I found this article that is based on the old moral theology, Hugh Finn's Right To Die written in 1998 by John Paris, a Jesuit priest and professor of bio-ethics at Boston College. His view and take on Hugh Finn's case was similar to what we studied in the seminary in that no one is obliged to use extraordinary measures to keep a person alive unless there is reasonable hope that the person will be brought back to health. Excerpt:
"If there is no benefit--physical or spiritual--to be gained from delaying death, traditional Catholic moral theology on the use of artificial means to prolong life would support the Virginia Supreme Court's ruling in the Finn case: Remove the medically supplied measures to sustain bodily existence, and allow the lethal pathology incurred in the tragic automobile accident to progress to its natural end."
I still don't know that much about the Schiavo case and wouldn't dare make a judgement on what should be done with her although I do feel at this point it's rather cruel to kill her by way of starvation and dehydration because I am a wuss and a parent. If her existence isn't a burden to her parents, then perhaps Michael should give them authority over her life. I don't know really. I wish I didn't know these things as I've mentioned before. As a spouse who wanted to get on with my life, I would think differently I'm sure.

Here's another article with a different take worth reading, if you are so inclined, called Flying in the Face of Catholicism. The author cites the Florida Bishops who for lack of better interpretation, I would say are old school moral theologians. This writer claims that the Florida Bishops absolutely did not even consider Pope John Paul's new guidelines for persons in a persistant vegetative state. Interesting stuff. You decide.

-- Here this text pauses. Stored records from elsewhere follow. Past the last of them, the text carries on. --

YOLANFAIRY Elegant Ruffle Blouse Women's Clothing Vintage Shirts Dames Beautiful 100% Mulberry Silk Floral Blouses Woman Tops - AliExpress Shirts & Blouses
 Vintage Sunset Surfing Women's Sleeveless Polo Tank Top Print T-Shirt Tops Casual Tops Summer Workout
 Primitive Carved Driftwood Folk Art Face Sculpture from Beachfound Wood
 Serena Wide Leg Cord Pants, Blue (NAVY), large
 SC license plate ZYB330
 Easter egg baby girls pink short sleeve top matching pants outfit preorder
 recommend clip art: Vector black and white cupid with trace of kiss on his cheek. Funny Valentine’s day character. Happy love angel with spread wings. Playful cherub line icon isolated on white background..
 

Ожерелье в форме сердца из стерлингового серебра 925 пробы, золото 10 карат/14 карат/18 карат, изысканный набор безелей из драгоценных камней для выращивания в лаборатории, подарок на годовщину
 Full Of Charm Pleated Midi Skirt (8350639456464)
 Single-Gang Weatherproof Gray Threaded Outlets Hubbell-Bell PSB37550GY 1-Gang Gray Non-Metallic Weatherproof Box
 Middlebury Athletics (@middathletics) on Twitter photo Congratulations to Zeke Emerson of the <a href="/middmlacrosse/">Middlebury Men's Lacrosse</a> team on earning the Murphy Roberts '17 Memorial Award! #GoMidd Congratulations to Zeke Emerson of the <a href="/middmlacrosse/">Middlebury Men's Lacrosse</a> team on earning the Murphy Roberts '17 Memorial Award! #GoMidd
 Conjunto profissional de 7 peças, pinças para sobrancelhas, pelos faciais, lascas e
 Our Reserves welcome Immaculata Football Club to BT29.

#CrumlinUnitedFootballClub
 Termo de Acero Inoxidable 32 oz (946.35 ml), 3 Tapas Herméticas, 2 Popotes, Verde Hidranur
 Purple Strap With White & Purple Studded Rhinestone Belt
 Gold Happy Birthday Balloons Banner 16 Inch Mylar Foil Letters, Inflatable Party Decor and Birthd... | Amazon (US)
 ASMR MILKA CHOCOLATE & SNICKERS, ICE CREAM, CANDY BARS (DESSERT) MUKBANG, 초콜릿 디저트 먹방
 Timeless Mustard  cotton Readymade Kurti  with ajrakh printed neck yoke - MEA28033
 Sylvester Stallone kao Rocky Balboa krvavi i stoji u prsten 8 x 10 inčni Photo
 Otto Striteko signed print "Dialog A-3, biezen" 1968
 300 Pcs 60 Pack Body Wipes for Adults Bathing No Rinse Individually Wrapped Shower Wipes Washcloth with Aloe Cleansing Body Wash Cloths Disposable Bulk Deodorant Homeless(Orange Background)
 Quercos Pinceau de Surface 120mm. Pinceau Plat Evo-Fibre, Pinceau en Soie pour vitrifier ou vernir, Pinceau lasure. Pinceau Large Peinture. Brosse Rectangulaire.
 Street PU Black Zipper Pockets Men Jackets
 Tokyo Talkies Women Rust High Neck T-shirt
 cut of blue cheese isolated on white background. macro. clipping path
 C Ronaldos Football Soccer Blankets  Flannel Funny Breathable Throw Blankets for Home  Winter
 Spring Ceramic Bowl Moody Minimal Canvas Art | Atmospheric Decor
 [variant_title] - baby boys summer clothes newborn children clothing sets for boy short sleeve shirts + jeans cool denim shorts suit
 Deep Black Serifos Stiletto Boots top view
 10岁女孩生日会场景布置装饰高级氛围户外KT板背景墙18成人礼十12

The judges decided on the case and the feeding tubes will not be reinserted into Theresa Schiavo. She will be allowed to die. They went along with law that Bush signed when he was governor of Texas before he flip flopped over the weekend and turned into a faux compassionate person for political gain.

This will continue to be a hotly debated issue and is going to have great repercussions especially in cases where patients don't have medical benefits and are allowed to die even when there is a chance of recovery. I think it will be good though. It should bring some of the hypocrisy of the GOP'ers out to the forefront and I doubt the mainstream media will be able to cover it up. I'd actually like to see our country embrace a culture of life for real.